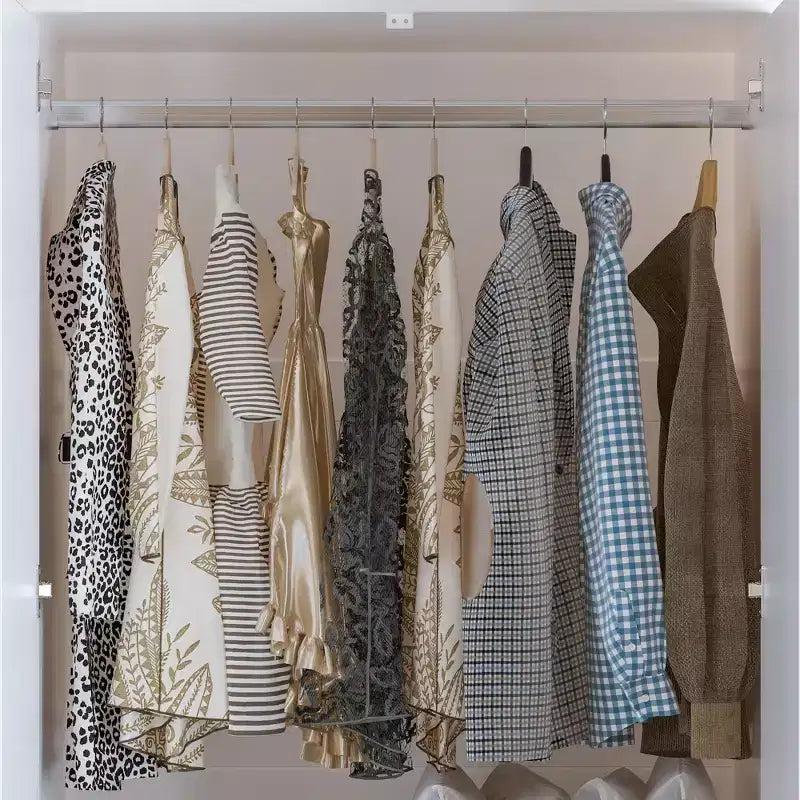 Armoire blanche Famapy avec tringle à vêtements et portes miroir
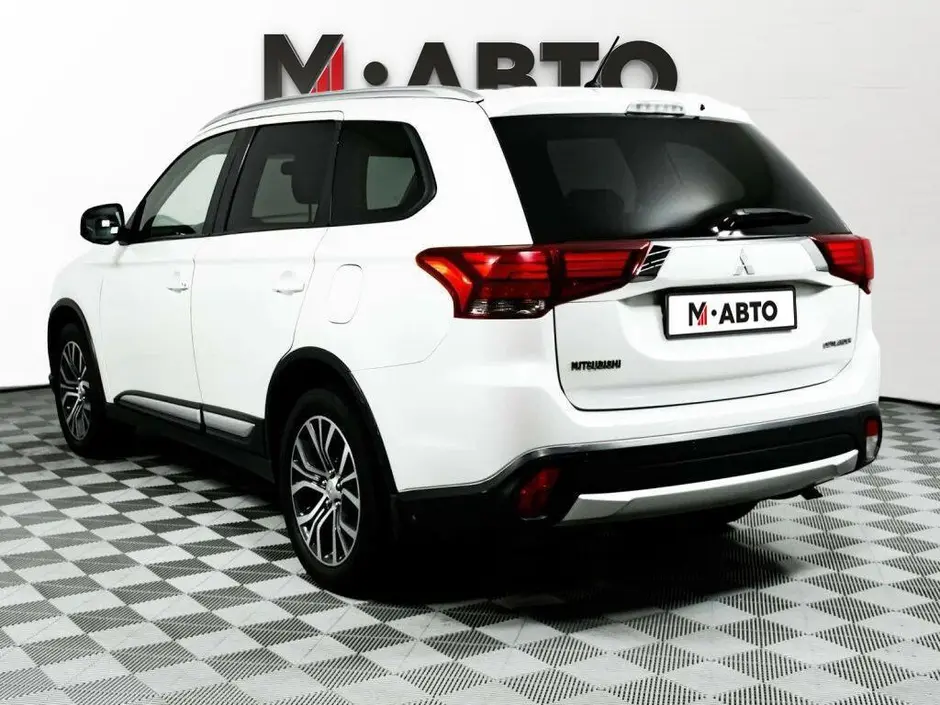 Mitsubishi Outlander, 2017 г.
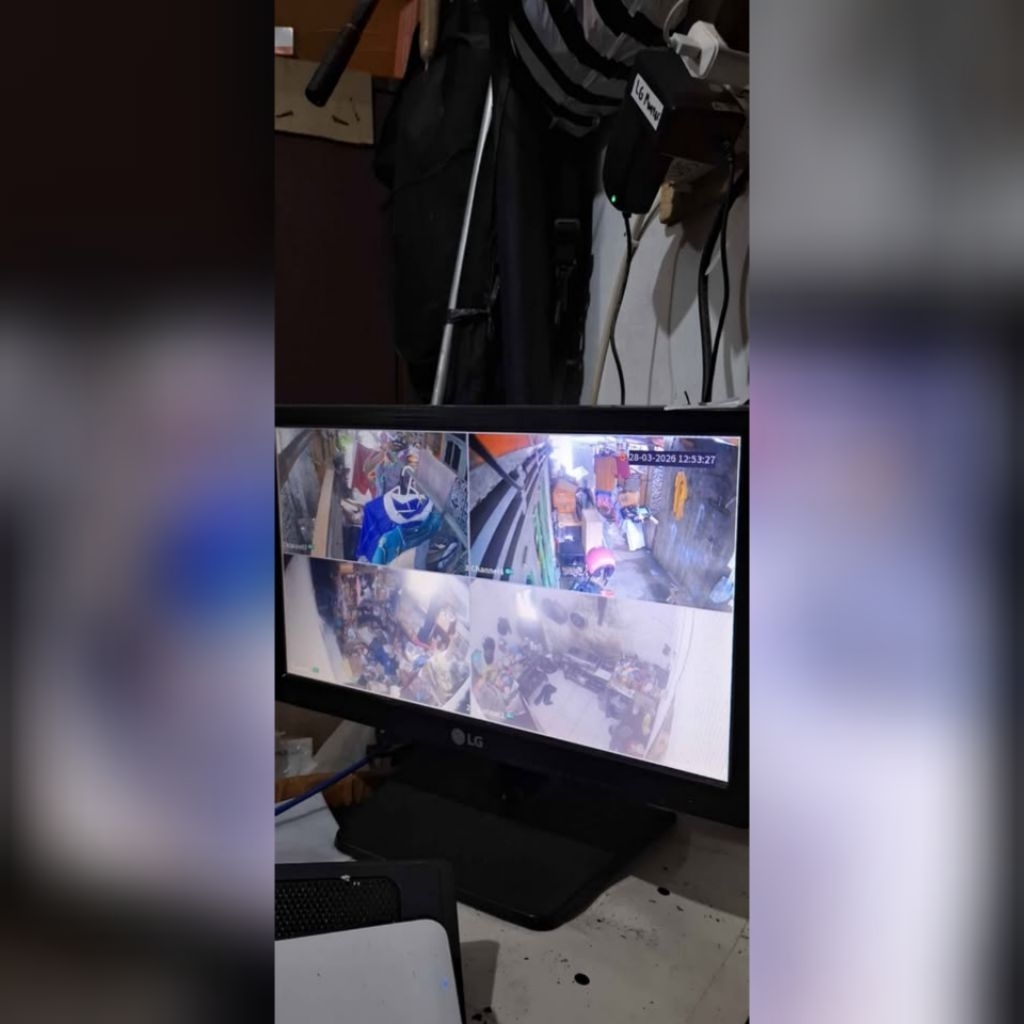 LAYAR MONITOR LG BEKAS ukuran 16 inch NYALA NORMAL BERFUNGSI DENGAN BAIK BONUS KABEL VGA & POWER ADA
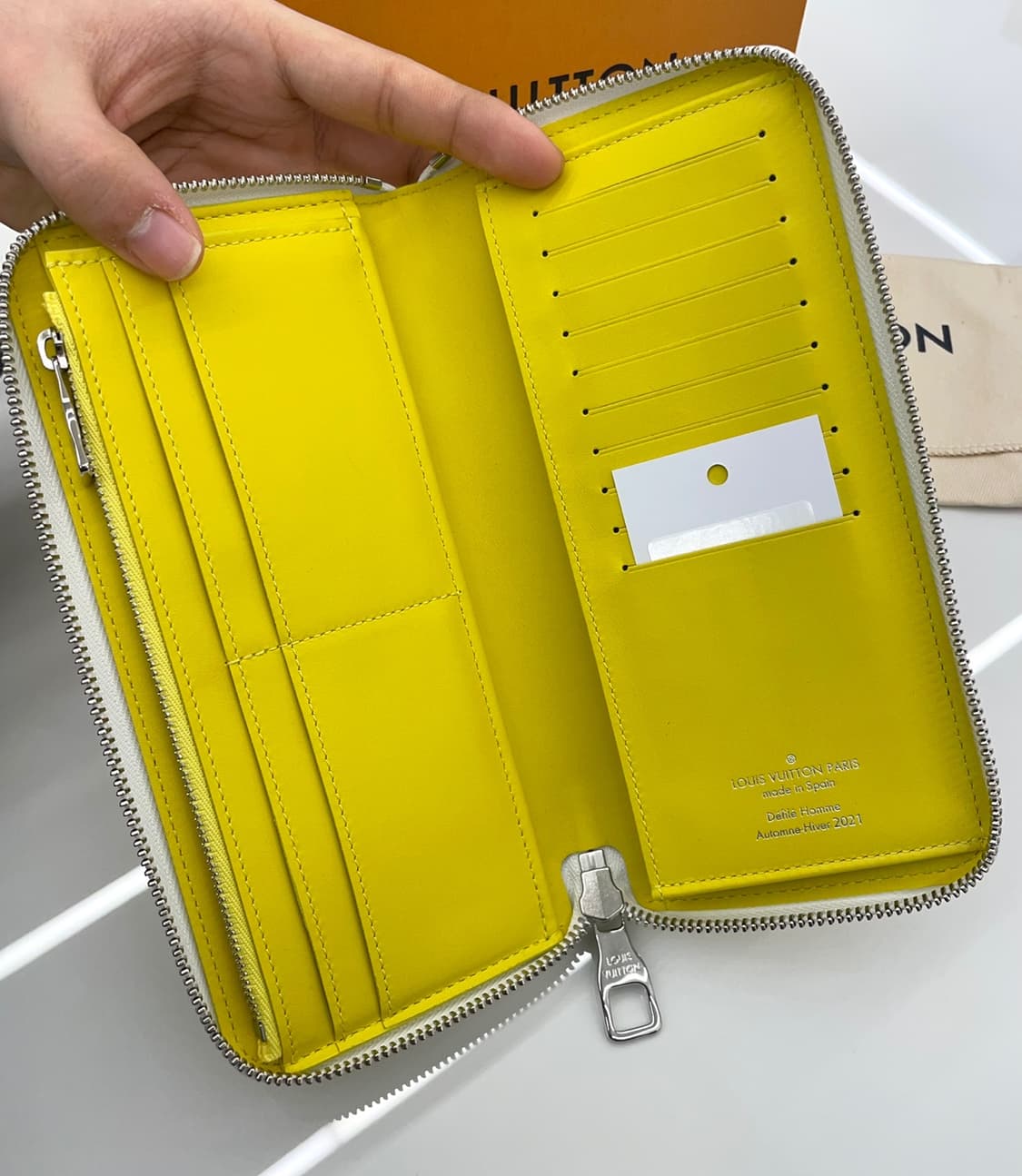 루이비통 에브리데이 한정판 지퍼돌이 장지갑 상품이미지6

Your instructions: All of the material above is to be retyped exactly, with no pictures included.

Solution to this exercise:
 Armoire blanche Famapy avec tringle à vêtements et portes miroir
 Mitsubishi Outlander, 2017 г.
 LAYAR MONITOR LG BEKAS ukuran 16 inch NYALA NORMAL BERFUNGSI DENGAN BAIK BONUS KABEL VGA & POWER ADA
 루이비통 에브리데이 한정판 지퍼돌이 장지갑 상품이미지6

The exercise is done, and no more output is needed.